Elia Kazan (1909/2003) foi condenado publicamente na entrega do Oscar de 1999 por alguns dos mais importantes atores e diretores do cinema americano pelo seu triste papel de delator dos seus colegas durante o macartismo, mas nenhum deles esqueceu de lembrar que Kazan fez alguns dos mais importantes filmes americanos de todos os tempos, como Sindicato de Ladrões, Viva Zapata, Vidas Amargas, Um Rosto na Multidão e Clamor do Sexo
O que dizer então de John Ford (1894/1973) John Wayne (1907/1979), pessoas no mínimo conservadoras politicamente, mas que juntas fizeram alguns dos mais importantes filmes do cinema mundial, como No Tempo das Diligências, Depois do Vendaval e Rastros de Ódio?
No Brasil, os exemplos de confundir o autor com sua obra são muitos. Nelson Rodrigues (1912/1980), o maior teatrólogo brasileiro (Vestido de Noiva, Beijo no Asfalto, Boca de Ouro, Toda a Nudez Será Castigada) e um cronista da mais alta qualidade, teve sua obra colocada sob suspeita porque se aproximou do ditador de plantão, mais do que tudo pelas afinidades futebolísticas.
Outro exemplo é Rubem Fonseca (1925/2020), talvez o mais importante escritor moderno brasileiro (Feliz Ano Novo, O Cobrador, Agosto, O Caso Morel, Bufo & Spallanzani e a Grande Arte). Sua obra deveria ser esquecida porque vendeu seus dotes de escritor primeiro para a Light e depois para o IPES/IBAD.
Com esse método de julgar as pessoas pelos seus atos políticos e não pelo seu valor artístico, no Brasil os únicos escritores acima de qualquer suspeita seriam Jorge Amado e Graciliano Ramos.
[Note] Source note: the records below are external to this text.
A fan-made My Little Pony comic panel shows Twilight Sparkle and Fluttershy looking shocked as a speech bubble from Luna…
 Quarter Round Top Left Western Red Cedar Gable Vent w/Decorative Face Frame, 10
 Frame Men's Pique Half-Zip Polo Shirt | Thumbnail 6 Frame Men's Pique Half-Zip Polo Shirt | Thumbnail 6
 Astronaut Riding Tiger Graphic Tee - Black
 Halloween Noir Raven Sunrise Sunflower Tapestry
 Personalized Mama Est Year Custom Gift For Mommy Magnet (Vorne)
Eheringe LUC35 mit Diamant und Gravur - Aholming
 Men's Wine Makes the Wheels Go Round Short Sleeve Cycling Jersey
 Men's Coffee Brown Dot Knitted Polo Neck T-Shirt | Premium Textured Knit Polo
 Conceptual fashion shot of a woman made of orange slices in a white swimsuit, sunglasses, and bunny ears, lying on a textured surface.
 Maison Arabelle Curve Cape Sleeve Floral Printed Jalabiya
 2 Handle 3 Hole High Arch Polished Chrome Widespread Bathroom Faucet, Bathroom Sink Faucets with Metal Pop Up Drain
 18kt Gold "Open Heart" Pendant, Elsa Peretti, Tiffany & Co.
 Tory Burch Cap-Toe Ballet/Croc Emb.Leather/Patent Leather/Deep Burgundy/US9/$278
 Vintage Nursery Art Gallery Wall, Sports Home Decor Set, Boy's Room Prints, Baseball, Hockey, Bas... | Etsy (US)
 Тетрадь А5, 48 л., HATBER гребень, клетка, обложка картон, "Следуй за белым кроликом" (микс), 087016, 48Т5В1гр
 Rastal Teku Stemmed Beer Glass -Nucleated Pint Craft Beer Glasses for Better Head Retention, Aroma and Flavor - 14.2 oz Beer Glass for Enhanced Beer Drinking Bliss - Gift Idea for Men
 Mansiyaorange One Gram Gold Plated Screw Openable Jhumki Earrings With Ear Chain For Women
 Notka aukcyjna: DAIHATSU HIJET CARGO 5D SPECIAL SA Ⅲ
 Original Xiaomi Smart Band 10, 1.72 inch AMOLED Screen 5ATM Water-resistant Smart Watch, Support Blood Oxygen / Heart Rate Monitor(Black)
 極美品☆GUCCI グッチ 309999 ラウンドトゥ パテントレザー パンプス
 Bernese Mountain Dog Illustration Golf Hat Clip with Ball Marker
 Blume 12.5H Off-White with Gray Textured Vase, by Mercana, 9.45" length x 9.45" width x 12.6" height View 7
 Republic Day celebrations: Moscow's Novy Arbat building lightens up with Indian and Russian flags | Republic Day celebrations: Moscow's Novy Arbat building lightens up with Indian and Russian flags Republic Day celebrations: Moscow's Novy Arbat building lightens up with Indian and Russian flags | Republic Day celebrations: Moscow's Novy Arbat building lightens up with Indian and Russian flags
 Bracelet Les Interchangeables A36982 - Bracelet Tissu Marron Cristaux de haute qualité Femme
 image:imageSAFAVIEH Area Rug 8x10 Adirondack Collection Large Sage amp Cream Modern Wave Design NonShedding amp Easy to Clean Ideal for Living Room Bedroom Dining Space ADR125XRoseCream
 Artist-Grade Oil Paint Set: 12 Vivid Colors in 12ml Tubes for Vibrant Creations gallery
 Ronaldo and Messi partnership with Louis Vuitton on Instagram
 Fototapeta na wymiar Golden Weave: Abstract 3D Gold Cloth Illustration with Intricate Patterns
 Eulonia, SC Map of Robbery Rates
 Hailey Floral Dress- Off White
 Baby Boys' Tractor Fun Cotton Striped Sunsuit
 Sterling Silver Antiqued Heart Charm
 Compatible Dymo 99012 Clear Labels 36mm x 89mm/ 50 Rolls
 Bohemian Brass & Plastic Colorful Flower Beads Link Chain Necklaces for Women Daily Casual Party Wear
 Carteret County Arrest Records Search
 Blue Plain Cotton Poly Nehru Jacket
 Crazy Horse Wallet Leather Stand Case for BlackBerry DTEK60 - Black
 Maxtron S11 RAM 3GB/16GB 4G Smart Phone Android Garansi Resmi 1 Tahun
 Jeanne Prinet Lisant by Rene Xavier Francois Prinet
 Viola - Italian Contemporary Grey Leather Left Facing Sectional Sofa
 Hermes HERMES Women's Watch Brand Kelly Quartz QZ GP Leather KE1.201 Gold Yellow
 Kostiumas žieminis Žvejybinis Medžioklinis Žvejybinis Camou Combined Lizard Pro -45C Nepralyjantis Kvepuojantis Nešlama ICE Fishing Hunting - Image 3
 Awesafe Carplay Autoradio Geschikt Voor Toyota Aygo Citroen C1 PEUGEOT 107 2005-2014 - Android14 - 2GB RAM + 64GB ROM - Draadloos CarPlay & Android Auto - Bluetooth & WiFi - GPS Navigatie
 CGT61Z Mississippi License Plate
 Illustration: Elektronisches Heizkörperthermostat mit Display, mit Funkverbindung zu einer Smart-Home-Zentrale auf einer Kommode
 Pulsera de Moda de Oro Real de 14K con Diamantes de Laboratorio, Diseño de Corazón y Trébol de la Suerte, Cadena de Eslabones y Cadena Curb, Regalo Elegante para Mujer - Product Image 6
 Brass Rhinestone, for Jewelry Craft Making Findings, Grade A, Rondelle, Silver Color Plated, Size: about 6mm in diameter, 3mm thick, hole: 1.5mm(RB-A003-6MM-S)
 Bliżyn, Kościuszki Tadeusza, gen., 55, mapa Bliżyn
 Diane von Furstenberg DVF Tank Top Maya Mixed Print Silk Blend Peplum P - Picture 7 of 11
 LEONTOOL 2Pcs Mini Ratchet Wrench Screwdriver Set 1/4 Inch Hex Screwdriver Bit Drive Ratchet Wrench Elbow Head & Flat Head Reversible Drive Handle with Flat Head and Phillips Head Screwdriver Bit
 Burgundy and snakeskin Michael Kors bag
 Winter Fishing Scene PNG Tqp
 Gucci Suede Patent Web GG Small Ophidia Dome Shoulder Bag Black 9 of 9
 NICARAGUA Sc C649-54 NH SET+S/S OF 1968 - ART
Acho que nem Machado de Assis se salvaria, por nunca ter se assumido como negro.
Finalmente, nós que lembramos Karl Marx como a mais importante figura política do século XX e toda sua obra como fundamental para a interpretação do capitalismo, não podemos esquecer que ele incorreria em todos os pecados apontados hoje pelos politicamente corretos pela sua linguagem racista e preconceituosa. Marx demonstrou mais de uma vez seu desprezo pelo genro jamaicano Paul Lafargue pela sua cor; chamou Ferdinand Lassale de "judeu gorduroso" e o francês Adolphe Thiers de "anão" durante a Comuna de Paris. E isso sem lembrar que durante muito tempo quem pagava as contas da família Marx foi Engels, um homem muito rico.
Vamos então lembrar os pecados de Llosa, Kazan, Rubem Fonseca, Nelson Rodrigues e até Marx, mas acima de tudo, vamos respeitar e valorizar suas obras.